Did I find the correct probability?

A fair die is rolled $3$ times. The conditional probability of 6 appearing exactly once, given that it appeared at least once.

So,the combined probability that 6 appeared exactly once and it appeared at least once is $$3\left(\frac{1}{6}\right)\left(\frac{5}{6}\right)^{2}$$ since, the case is that the 6 appears only once in the $3$ throws and it can appear at any throw: 1, 2 or 3. And the probability that 6 appeared at least once is $$1-\left(\frac{5}{6}\right)^3$$

So the required probability is $$\frac{3\left(\frac{1}{6}\right)\left(\frac{5}{6}\right)^{2}}{1-\left(\frac{5}{6}\right)^3}$$ P.S.I don't have anything to check the answer, so I posted it here to verify. Please don't mind.

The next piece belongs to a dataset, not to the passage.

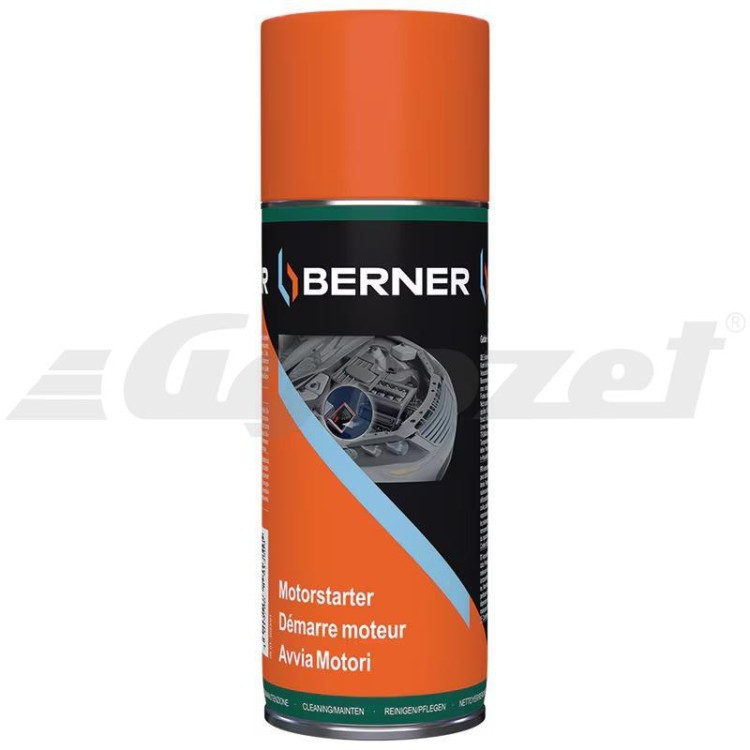 Berner Startér motoru 400ml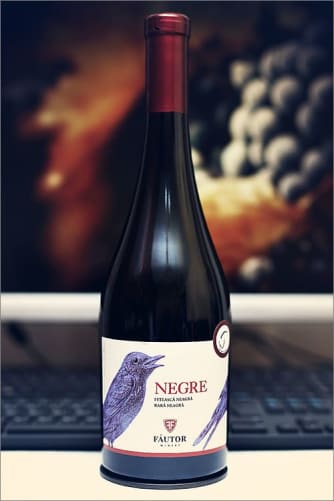 An exceptional wine of Moldova with a total of 92.5 points scored Content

• Your solution is correct. Jan 24, 2016 at 11:30

Perhaps just a better way to rephrase all this:

The probability of 6 appearing exactly $\color\red1$ out of $\color\green3$ times:

$$\binom{\color\green3}{\color\red1}\cdot\left(\frac16\right)^{\color\red1}\cdot\left(1-\frac16\right)^{\color\green3-\color\red1}=\frac{75}{216}$$

The probability of 6 appearing at least $\color\red1$ out of $\color\green3$ times:

$$\sum\limits_{n=\color\red1}^{\color\green3}\binom{\color\green3}{n}\cdot\left(\frac16\right)^{n}\cdot\left(1-\frac16\right)^{\color\green3-n}=\frac{91}{216}$$

So the conditional probability is $\dfrac{\frac{75}{216}}{\frac{91}{216}}=\dfrac{75}{91}$.